**MATERIALS PROVIDED:**
= Beginning of Section =
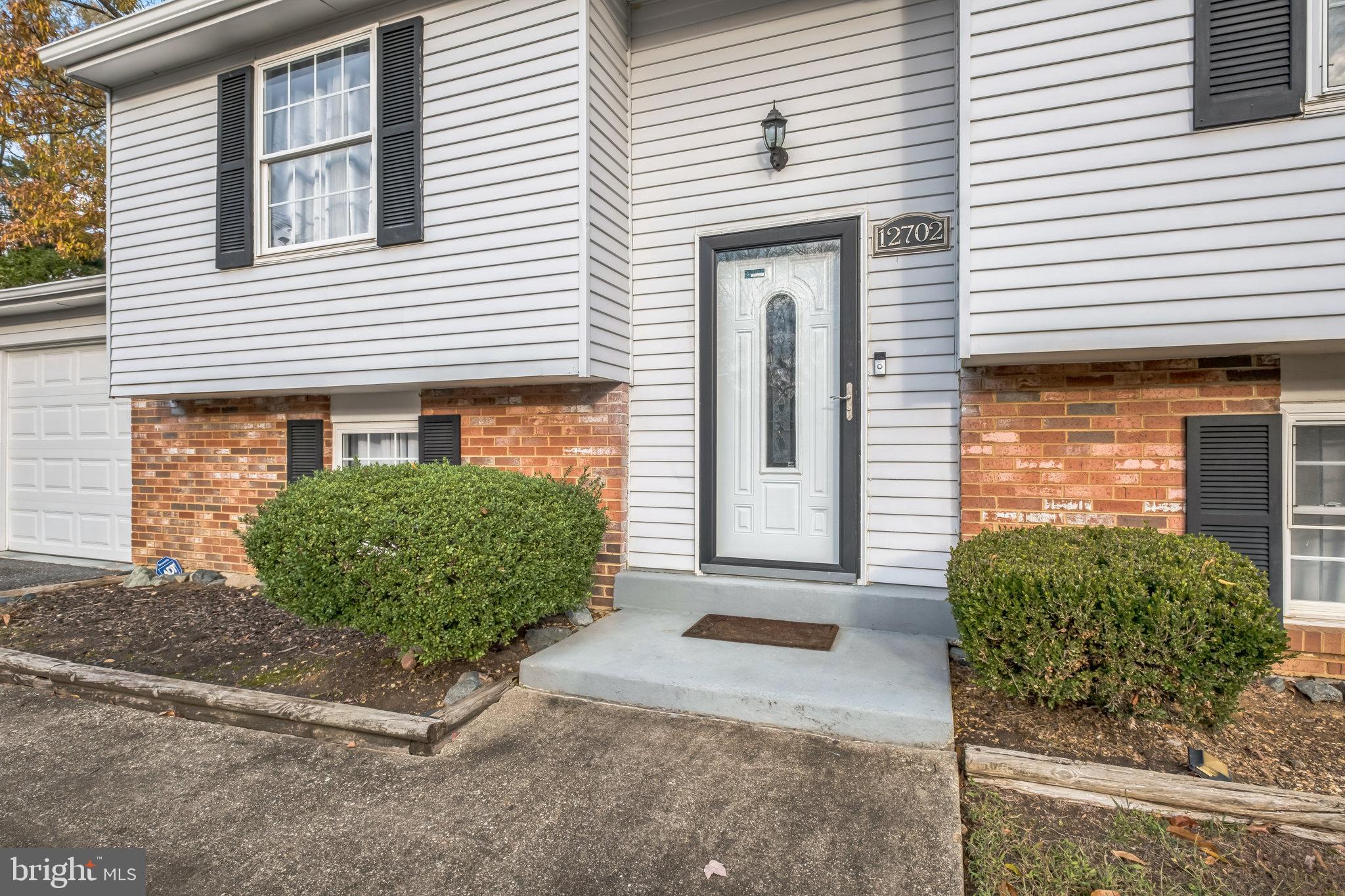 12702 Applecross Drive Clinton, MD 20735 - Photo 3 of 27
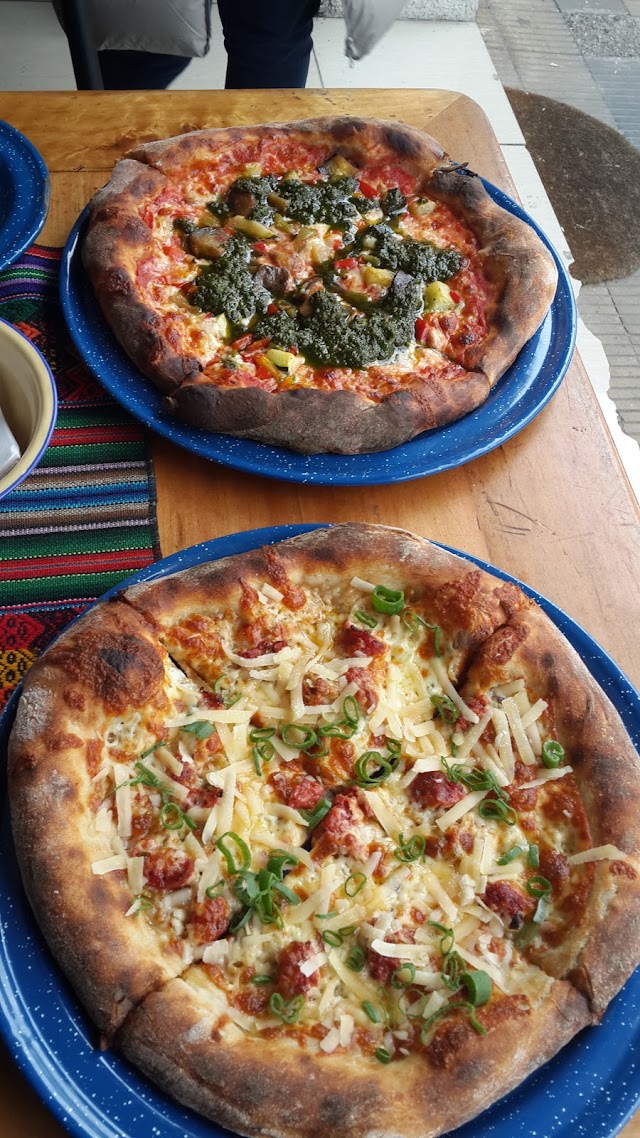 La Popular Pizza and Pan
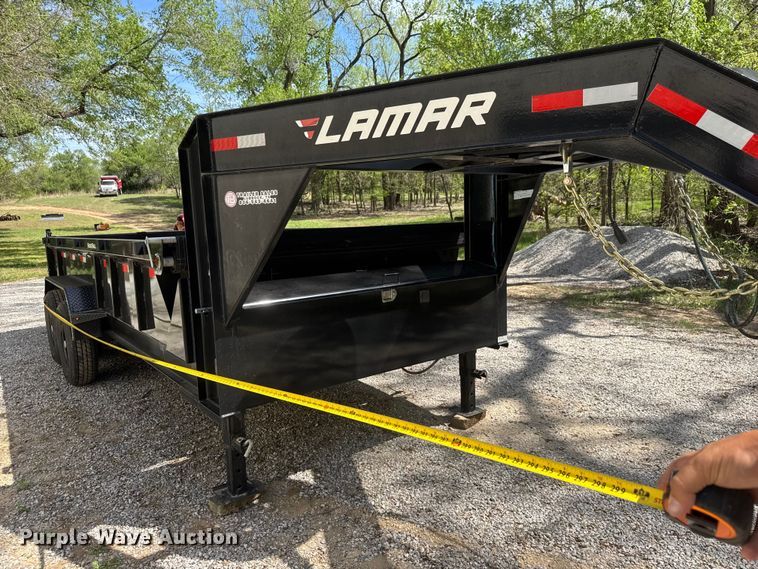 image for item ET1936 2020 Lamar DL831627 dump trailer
= End of Section =
= Beginning of Section =
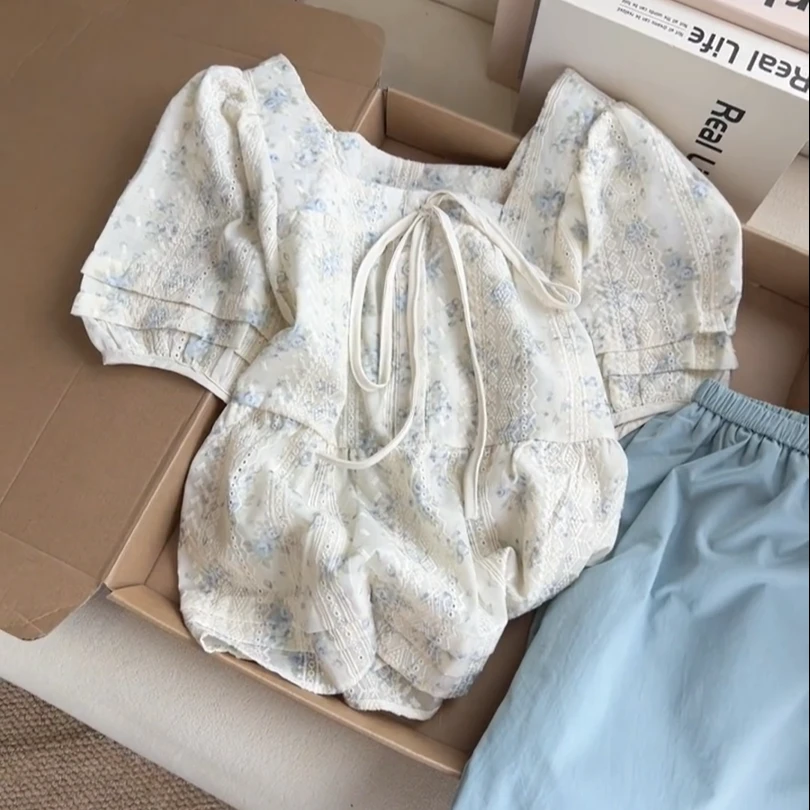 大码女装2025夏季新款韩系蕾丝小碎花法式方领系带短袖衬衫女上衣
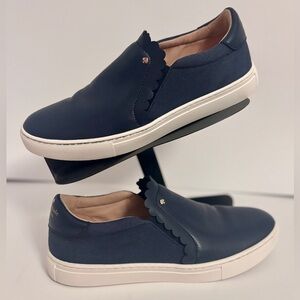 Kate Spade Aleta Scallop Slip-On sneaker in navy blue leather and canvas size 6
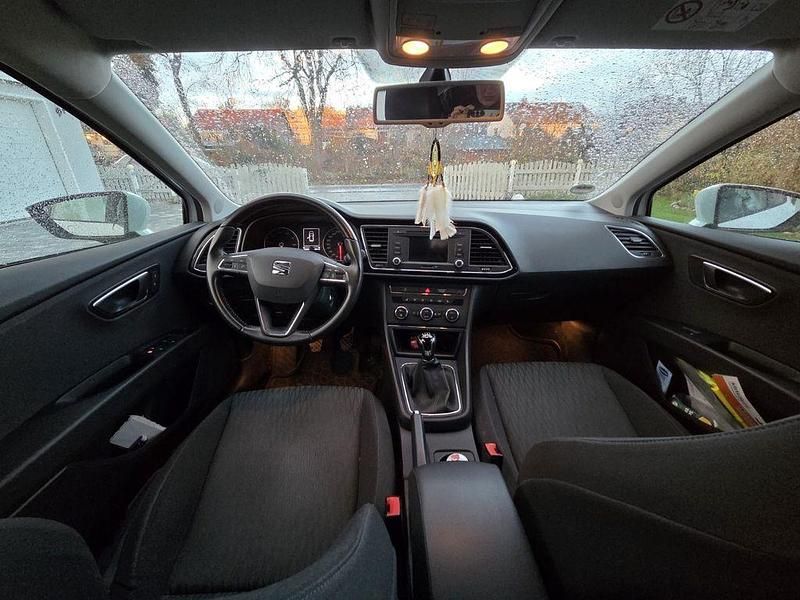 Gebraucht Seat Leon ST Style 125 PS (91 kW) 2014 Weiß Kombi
= End of Section =
= Beginning of Section =
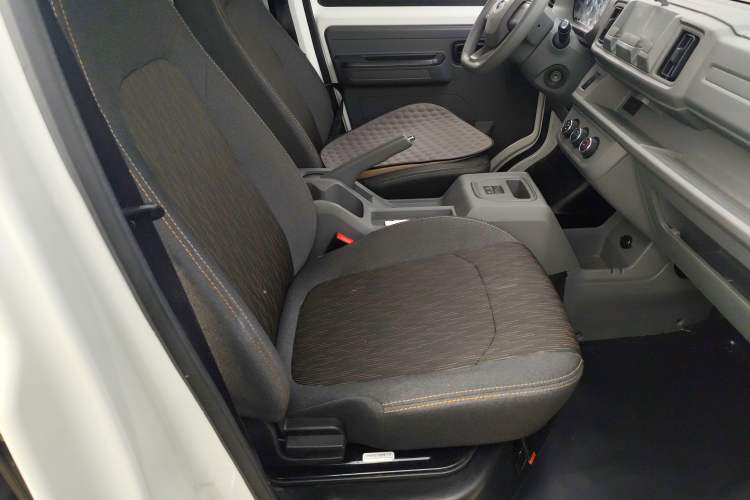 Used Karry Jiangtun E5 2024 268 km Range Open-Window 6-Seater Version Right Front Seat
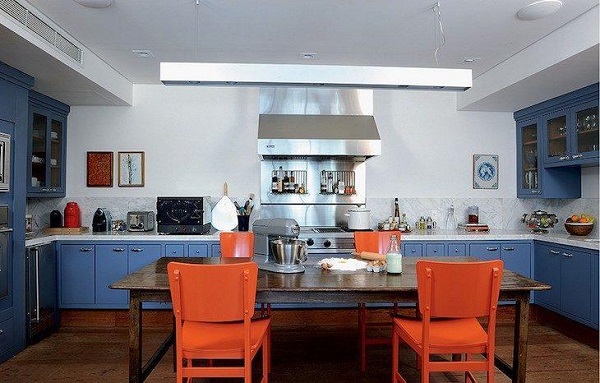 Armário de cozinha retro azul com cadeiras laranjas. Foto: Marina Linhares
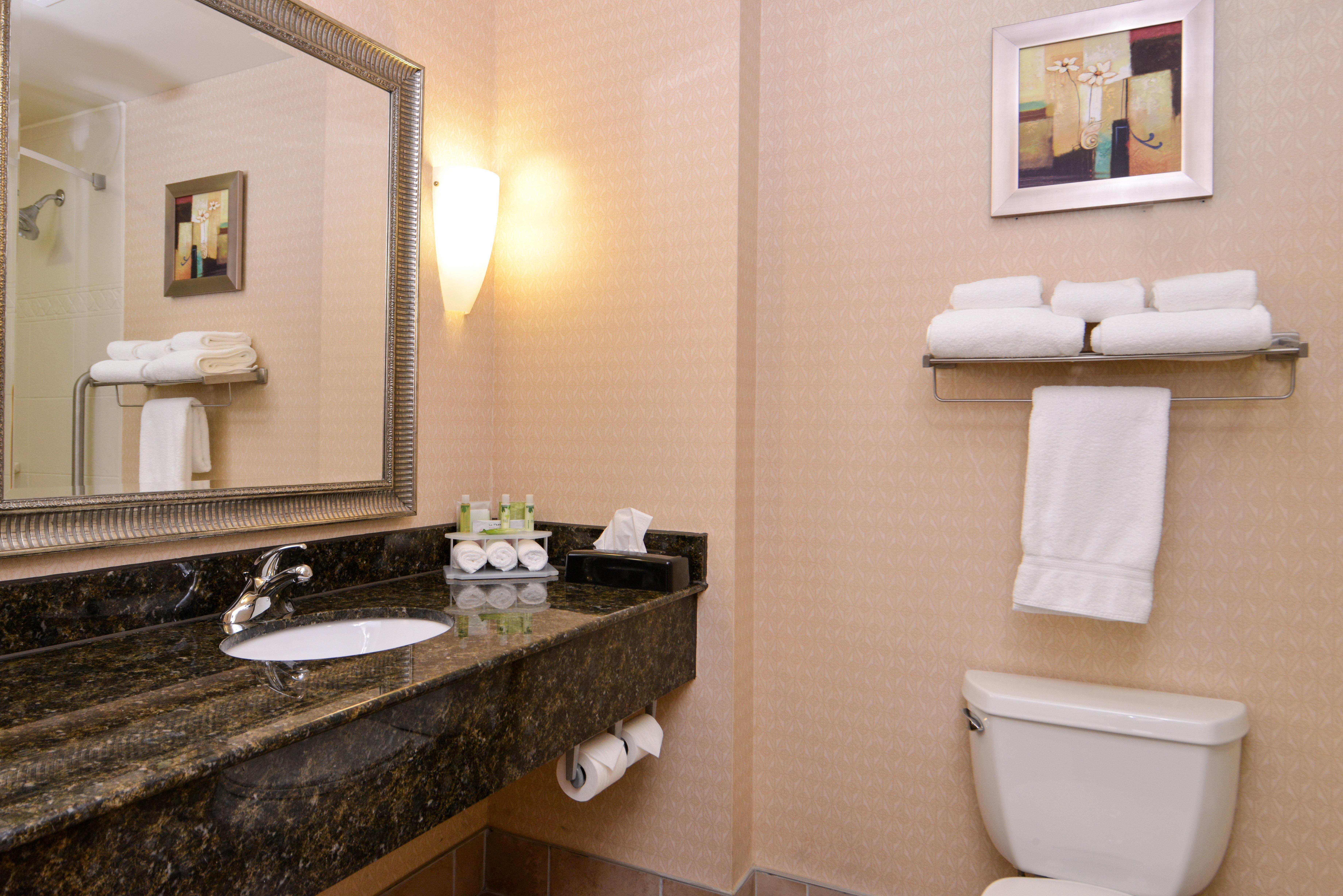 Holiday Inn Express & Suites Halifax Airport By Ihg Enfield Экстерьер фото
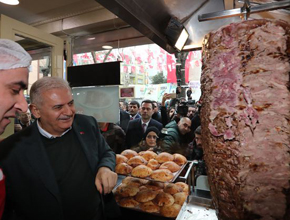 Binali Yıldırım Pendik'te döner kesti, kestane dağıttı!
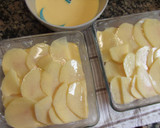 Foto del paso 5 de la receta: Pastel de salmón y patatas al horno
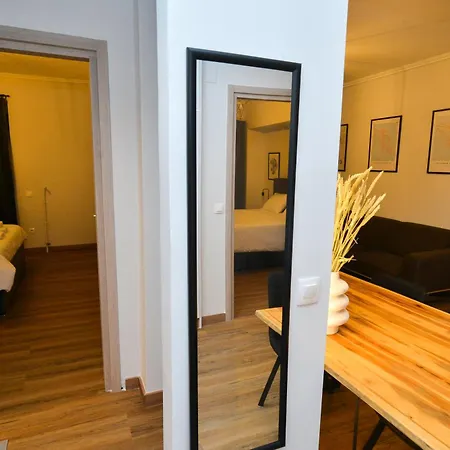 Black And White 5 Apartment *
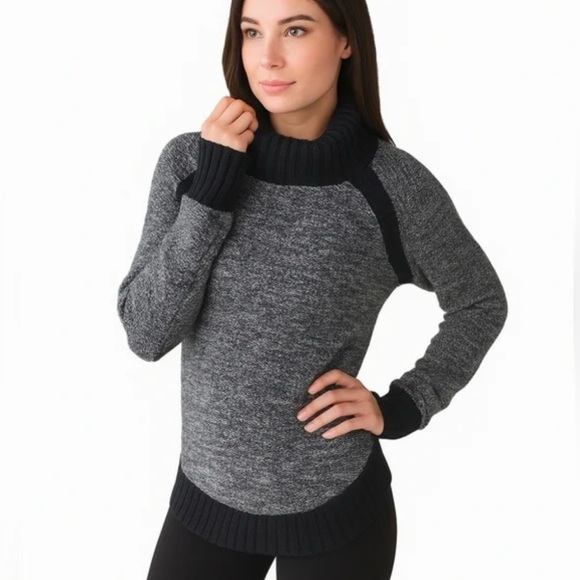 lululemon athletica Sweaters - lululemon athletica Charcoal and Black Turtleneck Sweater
= End of Section =
**TRY IT:** Skipping every picture, transcribe exactly the lines above from the one containing "12702 Applecross Drive" through the one containing "image for item", both included.

**ANSWER FOR THE TASK:**
 12702 Applecross Drive Clinton, MD 20735 - Photo 3 of 27
 La Popular Pizza and Pan
 image for item ET1936 2020 Lamar DL831627 dump trailer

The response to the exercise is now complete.